Economia da colmare
Baratro da colmare
Salvatore Mazza
Storditi, purtroppo, come siamo da parole che si ripetono senza avere dietro un pensiero, da slogan magari suggestivi ma vuoti di senso, capita che che un’idea – una vera idea – possa sfuggire. E che passi in sordina che il Papa ponga una volta di più la questione, centrale, dell’indispensabile riequilibrio della relazione tra uomo ed economia.
Benedetto XVI è tornato a farlo ieri nel suo annuale discorso al Corpo diplomatico accreditato presso la Sede apostolica.
Ammonendo che «se preoccupa l’indice differenziale tra i tassi finanziari, dovrebbero destare sgomento le crescenti differenze fra pochi, sempre più ricchi, e molti, irrimediabilmente più poveri». Perché, ha spiegato con un’intuizione geniale, «si tratta, insomma, di non rassegnarsi allo "spread del benessere sociale", mentre si combatte quello della finanza».
Espressione inedita, fulminante nel suo condensare in quattro parole causa ed effetto di una crisi che sembra infinita. Che rimanda immediatamente a quanto Papa Ratzinger affermò il 17 settembre del 2010 a Westminster, quando con altrettanta forza ed efficacia, sottolineando gli sforzi compiuti «per salvare istituzioni finanziarie ritenute "troppo grandi per fallire"», annotò come tuttavia «certamente lo sviluppo integrale dei popoli della terra non è meno importante: è un’impresa degna dell’attenzione del mondo, veramente "troppo grande per fallire"». E ancora, solo un mese prima, in volo verso Madrid, in una giornata nera segnata dall’ennesimo crollo dei mercati, aveva ripetuto che l’economia non può essere lasciata alle autoregolamentazioni dei mercati, ma ha bisogno di una «ragione etica» che la fondi, «per funzionare per l’uomo», perché non la si può misurare secondo il principio del massimo profitto ma in base a un «bene di tutti» che, inevitabilmente, implica «la responsabilità dell’altro».

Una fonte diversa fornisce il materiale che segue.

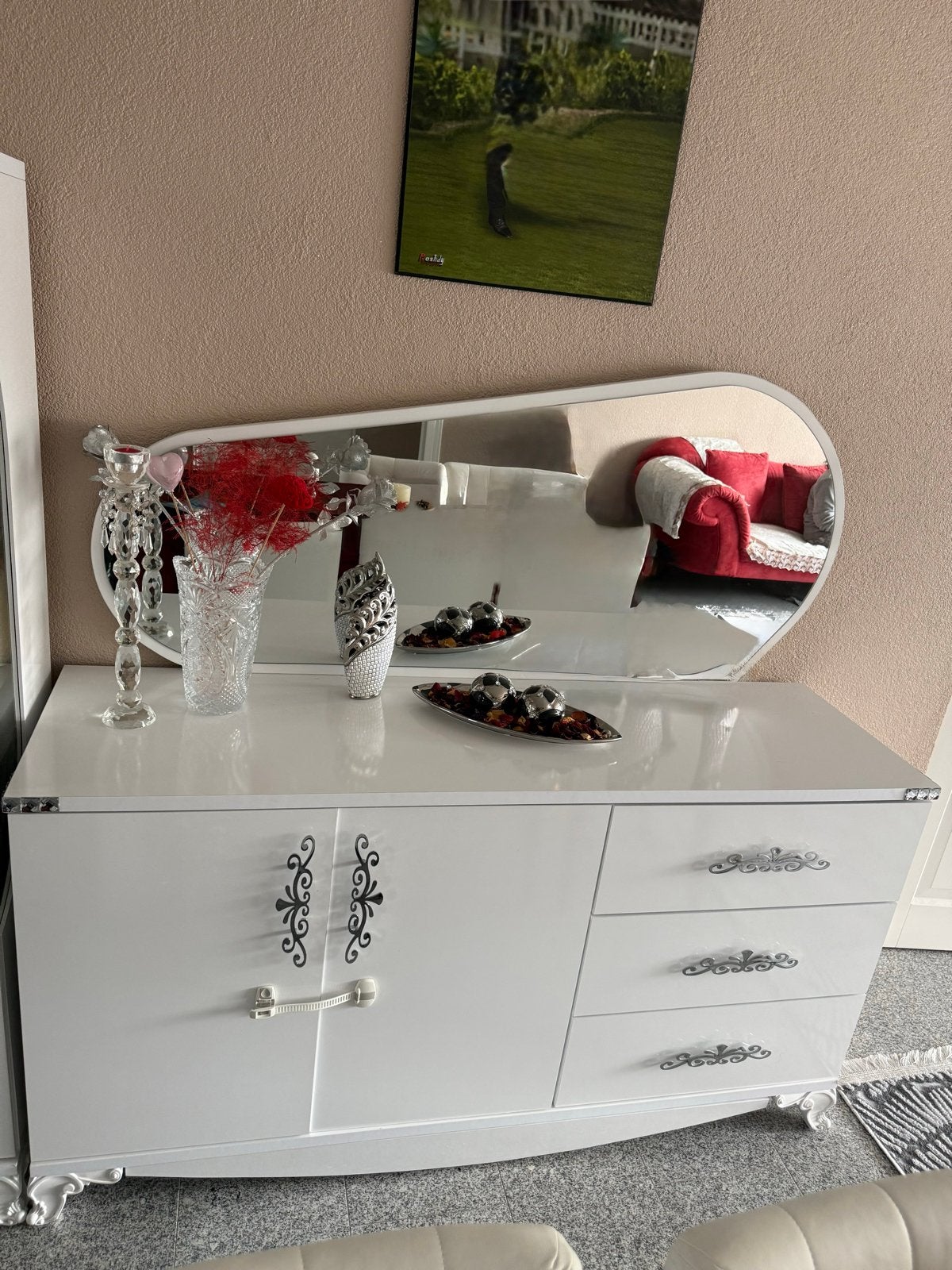 Moderne witte dressoir met spiegel en vitrinekast, Huis en Inrichting, Kasten | Dressoirs, Ophalen, Overige materialen, 100 tot 150 cm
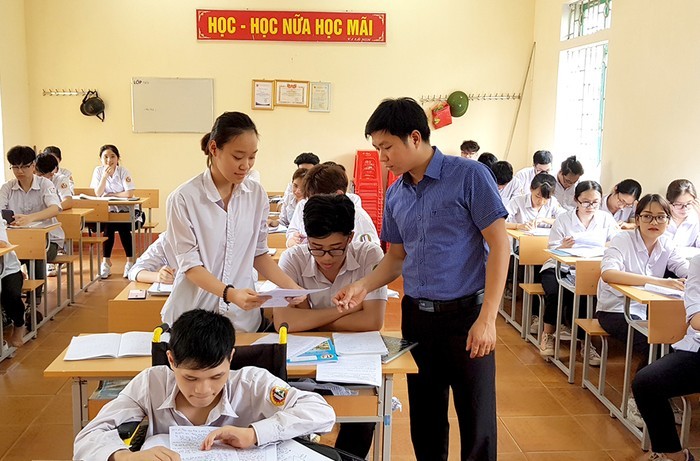 Xã hội - Bản tin 4/6: Nữ sinh ngạt khí trong ôtô không được đặc cách vào lớp 10 (Hình 2).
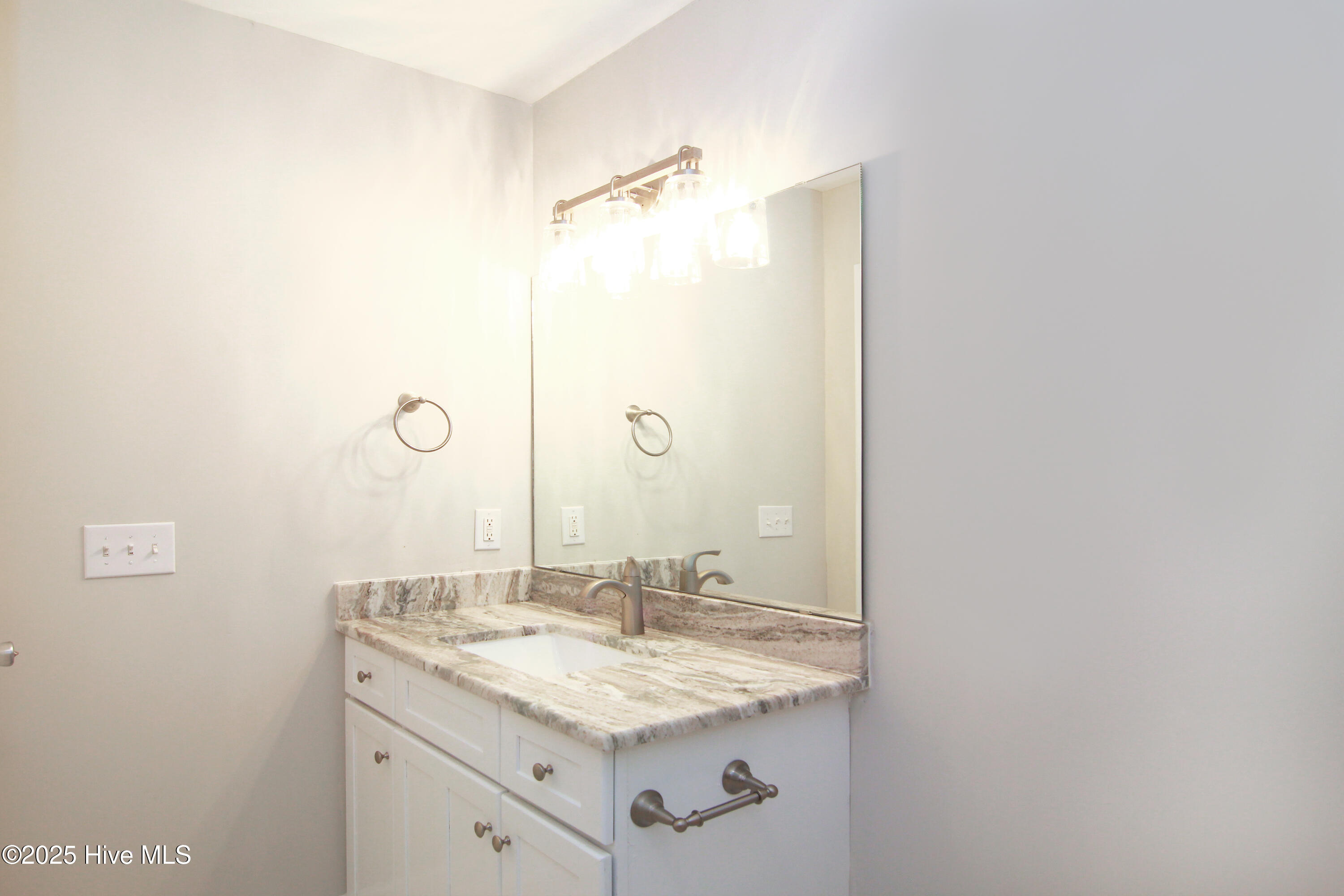 100517489 | Photo 34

Benedetto XVI, insomma, ancora una volta ieri è stato capace di mettere a fuoco il problema centrale, quello che sta sullo sfondo dei nostri sempre più essenziali bilanci familiari, della crescente difficoltà di arrivare alla fine del mese, a confronto con una politica che sembra incapace di superare slogan e invettive, e appare più prigioniera di interessi di parte che capace di guardare lontano. E nel suo invocare, ieri, l’esigenza di «rappresentanti lungimiranti e qualificati» per superare questo gap – lo ha detto per l’Europa, ma il discorso vale a ogni livello – è tornato a porci di fronte al vero interrogativo di fondo al quale, se davvero si ha a cuore il bene comune, qualcuno dovrà iniziare a rispondere: che cosa siamo disposti a fare, e a cosa siamo disposti a rinunciare, perché quello spread del benessere sociale non diventi un baratro impossibile da colmare?
È alla fine, il filo rosso che innerva tutto il magistero sociale di Papa Benedetto, di cui la Caritas in veritate è lo snodo centrale. Ma che non può essere liquidato come la "prospettiva confessionale" attraverso cui il capo della Chiesa cattolica legge una realtà che, come alcuni dicono tanto per liquidarla, «è molto più complessa». È piuttosto, ancora una volta, la sfida che la fede pone alla ragione. Secondo la visione di un Papa che crede fermamente che solo quando, e nella misura in cui, trascendenza e immanenza sapranno incontrarsi e dialogare, sarà possibile dare una risposta a quell’ansia che, per l’uomo contemporaneo, troppo spesso significa solo solitudine e disperazione.